Your instructions:
Your copy must hold all of the data below, unchanged and without images.

The data:

== Segment start ==

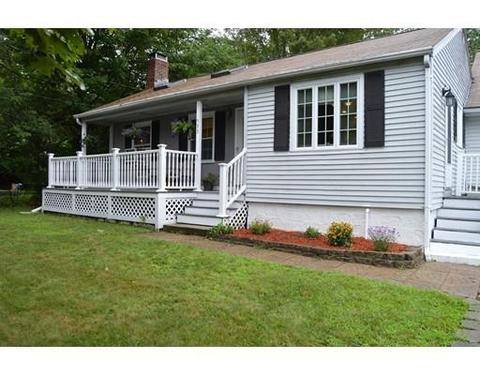 533 Maple St, Danvers, MA 01923 photo 2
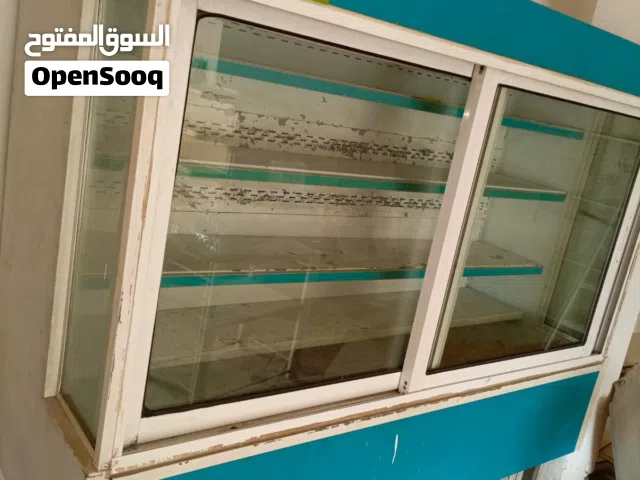 ثلاجة عرض و رفوف محلات بسعر مغري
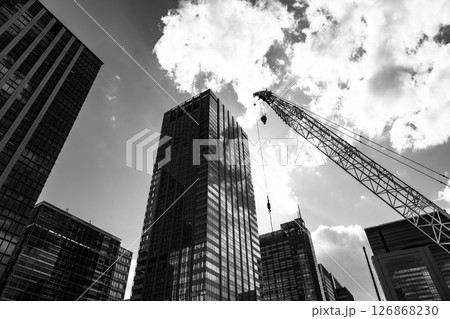 建設工事が続く東京大手町周辺 2025.04　a-6 モノクロ 126868230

== Segment end ==

Your solution:
 533 Maple St, Danvers, MA 01923 photo 2
 ثلاجة عرض و رفوف محلات بسعر مغري
 建設工事が続く東京大手町周辺 2025.04　a-6 モノクロ 126868230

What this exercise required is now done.